───── RECORDS ─────

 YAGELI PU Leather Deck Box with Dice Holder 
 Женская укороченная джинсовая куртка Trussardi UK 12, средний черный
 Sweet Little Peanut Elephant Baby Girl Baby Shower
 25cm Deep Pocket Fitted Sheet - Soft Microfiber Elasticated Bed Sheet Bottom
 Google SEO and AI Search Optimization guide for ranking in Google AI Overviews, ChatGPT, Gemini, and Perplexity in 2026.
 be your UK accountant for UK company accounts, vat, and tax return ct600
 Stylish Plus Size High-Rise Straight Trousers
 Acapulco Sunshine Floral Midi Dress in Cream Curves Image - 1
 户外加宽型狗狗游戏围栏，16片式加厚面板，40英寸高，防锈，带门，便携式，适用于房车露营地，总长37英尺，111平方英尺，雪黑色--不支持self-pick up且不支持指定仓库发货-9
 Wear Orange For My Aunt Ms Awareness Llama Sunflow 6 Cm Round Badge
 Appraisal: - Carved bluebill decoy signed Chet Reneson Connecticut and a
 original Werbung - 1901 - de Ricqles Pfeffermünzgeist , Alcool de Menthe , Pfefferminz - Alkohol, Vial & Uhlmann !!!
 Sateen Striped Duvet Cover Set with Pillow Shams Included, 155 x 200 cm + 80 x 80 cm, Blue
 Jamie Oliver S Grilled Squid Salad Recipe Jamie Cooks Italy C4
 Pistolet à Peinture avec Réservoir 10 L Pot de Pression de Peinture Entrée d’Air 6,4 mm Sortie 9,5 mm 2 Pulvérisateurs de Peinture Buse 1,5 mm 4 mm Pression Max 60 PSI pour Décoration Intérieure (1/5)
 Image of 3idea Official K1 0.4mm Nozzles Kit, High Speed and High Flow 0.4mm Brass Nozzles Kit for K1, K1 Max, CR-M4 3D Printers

─────

_THE PROBLEM_
Repeat the records above line by line, from the first line through the line that contains "Jamie Oliver S".

_WRITTEN RESPONSE_
 YAGELI PU Leather Deck Box with Dice Holder 
 Женская укороченная джинсовая куртка Trussardi UK 12, средний черный
 Sweet Little Peanut Elephant Baby Girl Baby Shower
 25cm Deep Pocket Fitted Sheet - Soft Microfiber Elasticated Bed Sheet Bottom
 Google SEO and AI Search Optimization guide for ranking in Google AI Overviews, ChatGPT, Gemini, and Perplexity in 2026.
 be your UK accountant for UK company accounts, vat, and tax return ct600
 Stylish Plus Size High-Rise Straight Trousers
 Acapulco Sunshine Floral Midi Dress in Cream Curves Image - 1
 户外加宽型狗狗游戏围栏，16片式加厚面板，40英寸高，防锈，带门，便携式，适用于房车露营地，总长37英尺，111平方英尺，雪黑色--不支持self-pick up且不支持指定仓库发货-9
 Wear Orange For My Aunt Ms Awareness Llama Sunflow 6 Cm Round Badge
 Appraisal: - Carved bluebill decoy signed Chet Reneson Connecticut and a
 original Werbung - 1901 - de Ricqles Pfeffermünzgeist , Alcool de Menthe , Pfefferminz - Alkohol, Vial & Uhlmann !!!
 Sateen Striped Duvet Cover Set with Pillow Shams Included, 155 x 200 cm + 80 x 80 cm, Blue
 Jamie Oliver S Grilled Squid Salad Recipe Jamie Cooks Italy C4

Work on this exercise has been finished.